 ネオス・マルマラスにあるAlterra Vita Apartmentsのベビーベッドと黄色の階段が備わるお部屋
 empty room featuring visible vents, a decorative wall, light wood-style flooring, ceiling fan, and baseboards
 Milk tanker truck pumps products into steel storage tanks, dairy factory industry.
--*--
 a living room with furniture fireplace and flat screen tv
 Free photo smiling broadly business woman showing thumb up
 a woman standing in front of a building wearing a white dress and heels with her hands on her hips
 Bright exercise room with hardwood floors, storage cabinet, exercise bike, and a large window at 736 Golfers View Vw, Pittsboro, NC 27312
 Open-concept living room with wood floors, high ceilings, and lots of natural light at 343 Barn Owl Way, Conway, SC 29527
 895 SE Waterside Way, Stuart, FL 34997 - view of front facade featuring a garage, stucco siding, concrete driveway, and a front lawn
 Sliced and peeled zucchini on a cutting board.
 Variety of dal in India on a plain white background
--*--
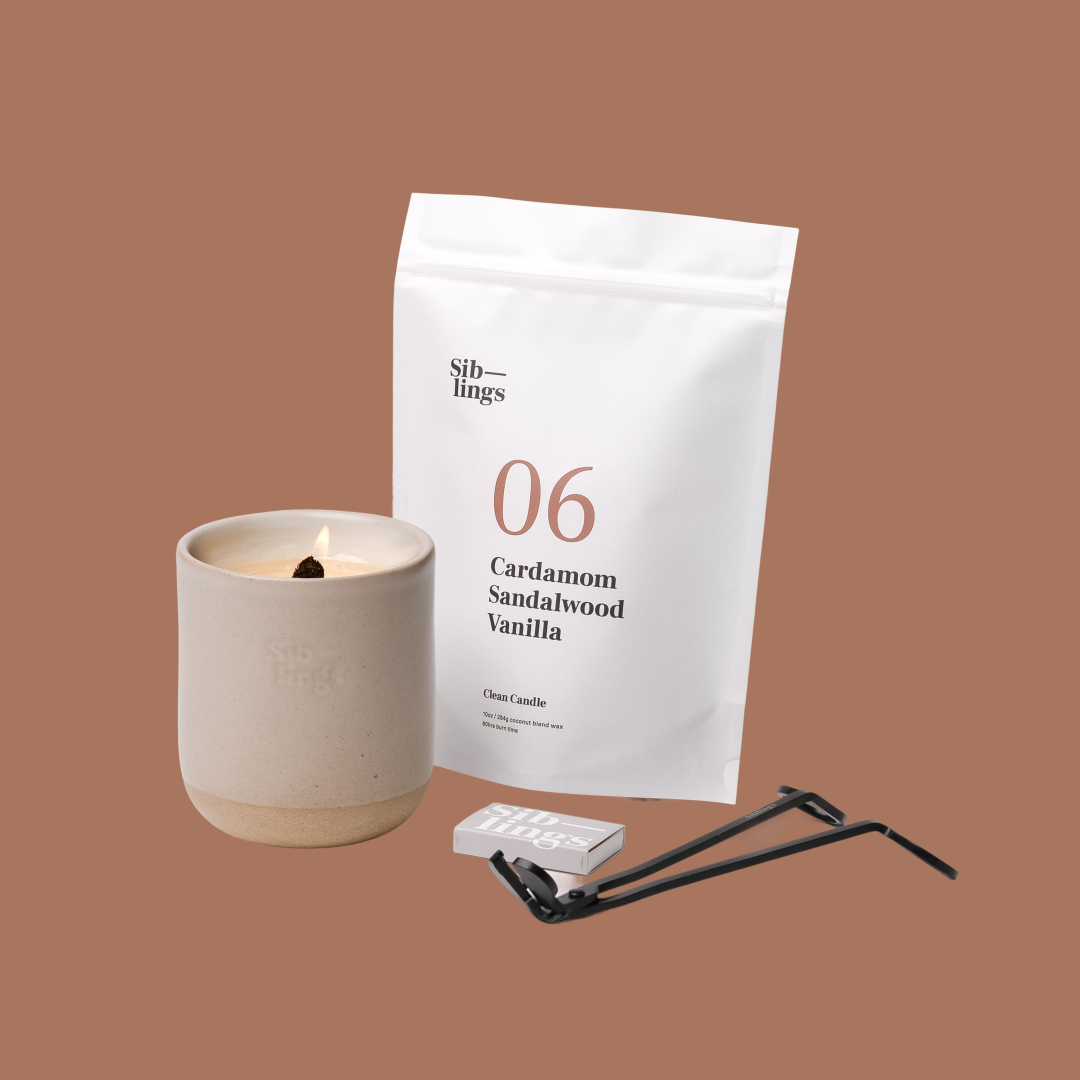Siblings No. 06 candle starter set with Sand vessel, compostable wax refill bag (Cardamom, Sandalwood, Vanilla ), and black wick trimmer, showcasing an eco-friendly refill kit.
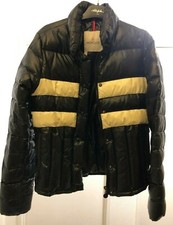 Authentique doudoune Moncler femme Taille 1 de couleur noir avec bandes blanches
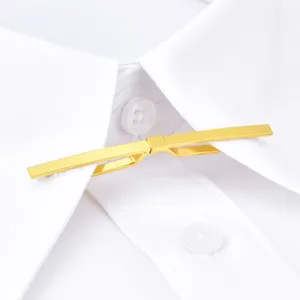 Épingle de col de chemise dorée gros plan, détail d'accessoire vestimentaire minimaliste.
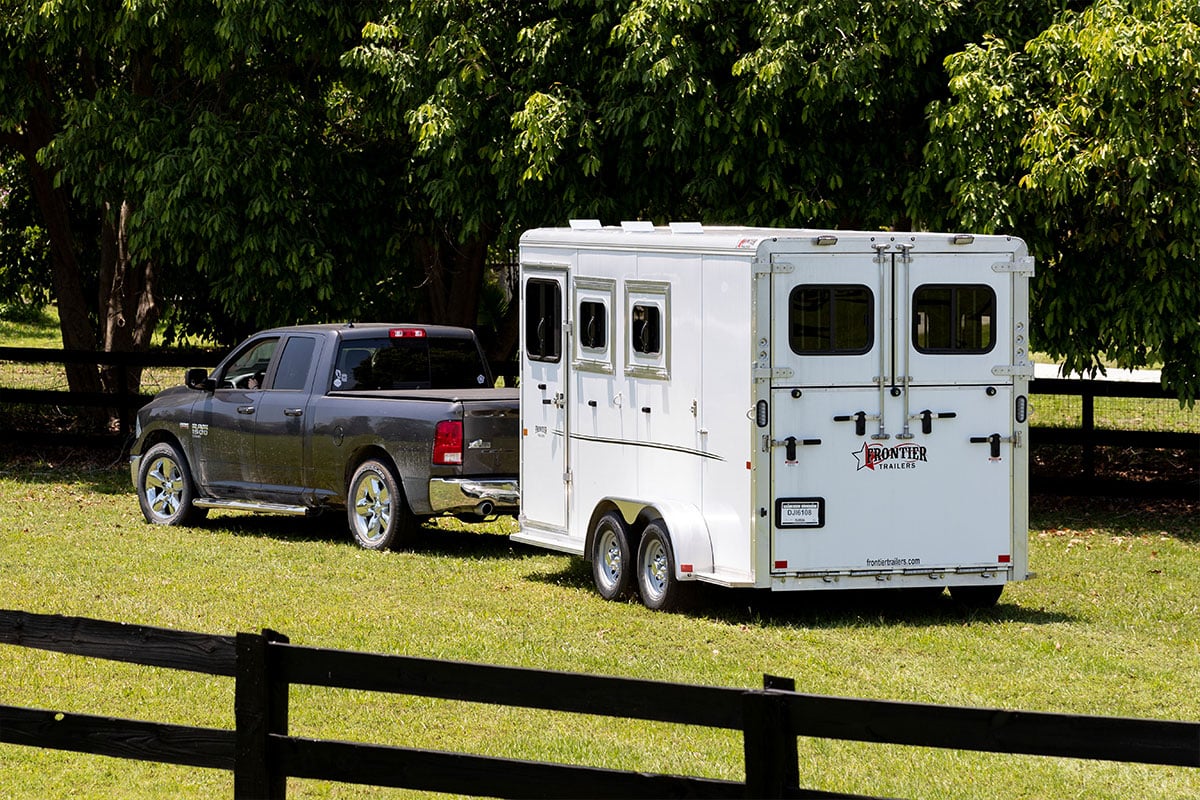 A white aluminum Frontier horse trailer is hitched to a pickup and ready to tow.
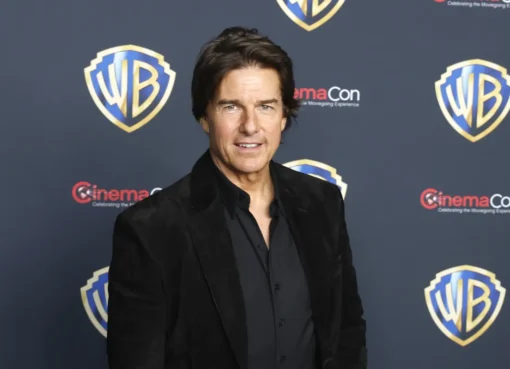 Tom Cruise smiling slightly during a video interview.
--*--
What is expected:
From the material above, copy exactly the lines between the line holding "ネオス・マルマラスにあるAlterra Vita Apartmentsのベビーベッドと黄色の階段が備わるお部屋" and the line holding "Milk tanker truck", inclusive, and only those.

Written solution:
 ネオス・マルマラスにあるAlterra Vita Apartmentsのベビーベッドと黄色の階段が備わるお部屋
 empty room featuring visible vents, a decorative wall, light wood-style flooring, ceiling fan, and baseboards
 Milk tanker truck pumps products into steel storage tanks, dairy factory industry.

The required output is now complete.